3. Il ne résulte pas des dispositions précitées du f) du II de l’article 244 quater B du code général des impôts, éclairées par les travaux préparatoires de la loi n° 87-1060 du 30 décembre 1987 de finances pour 1988 dont elles sont issues, que le législateur ait entendu exclure du bénéfice du crédit d’impôt recherche les dotations aux amortissements de droits d’exploitation attachés à la qualité de concessionnaire de brevets lorsque ces droits présentent le caractère d’immobilisations répondant aux conditions définies par les dispositions précitées du a) du même article. Dès lors, le fait que la société == n’a pas acquis les brevets au titre desquels elle revendique le bénéfice du crédit d’impôt recherche ne fait pas, par lui-même, obstacle à ce qu’elle puisse obtenir cet avantage fiscal.

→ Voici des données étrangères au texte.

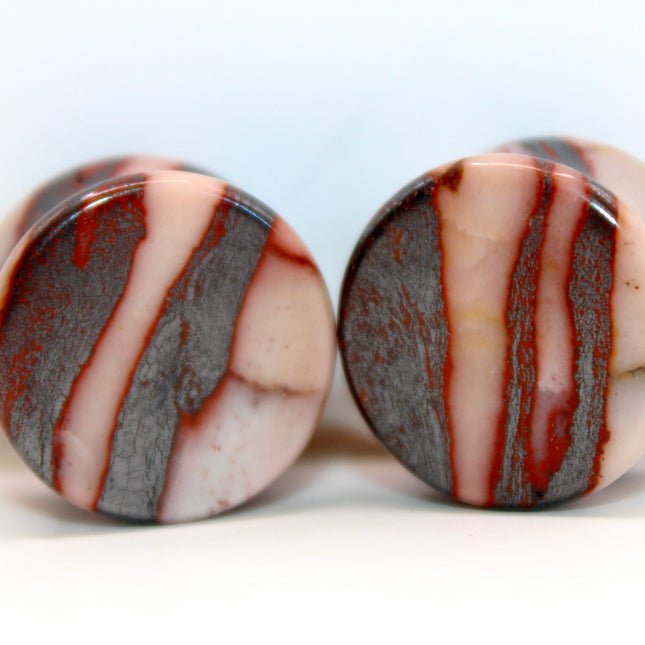 A striking pair of Natural Hematite Brown Double Flared Plugs rests against a soft neutral background, their deep, earthy tones catching the light with a smooth metallic sheen. Each plug is truly one of a kind, showcasing a rich blend of dark brown, bronze, and gunmetal hues with subtle shimmer—hallmarks of natural hematite with unique mineral variations. The double flare design ensures a snug and comfortable fit, while the polished surface adds a sleek, reflective quality.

           4. S’agissant de brevets, seuls les droits attachés à une concession de licence d’exploitation constituant une source régulière de profits, dotés d’une pérennité suffisante et susceptibles de faire l’objet d’une cession doivent suivre le régime fiscal des éléments incorporels de l’actif immobilisé d’une entreprise.
           5. Il résulte de l’instruction que, par trois contrats conclus le 7 avril 2011, la société ==, propriétaire de trois brevets, en a concédé l’exploitation exclusive à la société ==. En vertu de ces contrats, la durée des licences ainsi consenties est égale à la durée de validité des brevets, et seul un manquement des parties à leurs obligations contractuelles respectives est susceptible de mettre fin à la concession avant son terme. Ces contrats prévoient encore que le concessionnaire peut concéder des sous-licences des brevets sans autre limitation que celle résultant de l’objet des contrats et sans autre formalité préalable que celle d’en informer le concédant. Les licences d’exploitation exclusive ainsi concédées à la société == présentent les caractéristiques permettant de les regarder comme répondant aux conditions, rappelées au point 4, auxquelles est subordonnée leur inscription à l’actif immobilisé de l’entreprise. Par suite, en l’absence de toute contestation relative aux autres conditions d’éligibilité au crédit d’impôt recherche définies par la loi, et sans que l’administration puisse utilement invoquer sa propre doctrine, la société == est fondée à demander la prise en compte des dotations d’amortissement correspondant auxdites concessions en vue de bénéficier du crédit d’impôt recherche.

6. Il résulte de ce qui précède que la société == est fondée à demander l’annulation du jugement attaqué et la restitution d’un crédit d’impôt recherche pour un montant de 147 222 euros au titre de l’année 2011.

Sur les intérêts moratoires :

7. En l’absence de litige né et actuel avec le comptable chargé du recouvrement, les conclusions tendant au versement d’intérêts moratoires en application des dispositions de l’article L. 208 du livre des procédures fiscales ne sont pas recevables.

Sur les conclusions tendant à l’application des dispositions de l’article L 761-1 du code de justice administrative :

8. Dans les circonstances de l'espèce, il y a lieu, par application des dispositions de l'article L 761-1 du code de justice administrative, de mettre à la charge de l'Etat le versement à la société == de la somme de 1 500 euros au titre des frais exposés par elle et non compris dans les dépens.

DECIDE :

Article 1er : Le jugement du tribunal administratif de Bordeaux en date du 20 mars 2014 est annulé.

Article 2 : Il est accordé à la société == la restitution d’un crédit impôt recherche d’un montant de 147 222 euros au titre de l’année 2011.

Article 3 : L’Etat versera à la société == la somme de 1 500 euros sur le fondement des dispositions de l’article L 761-1 du code de justice administrative.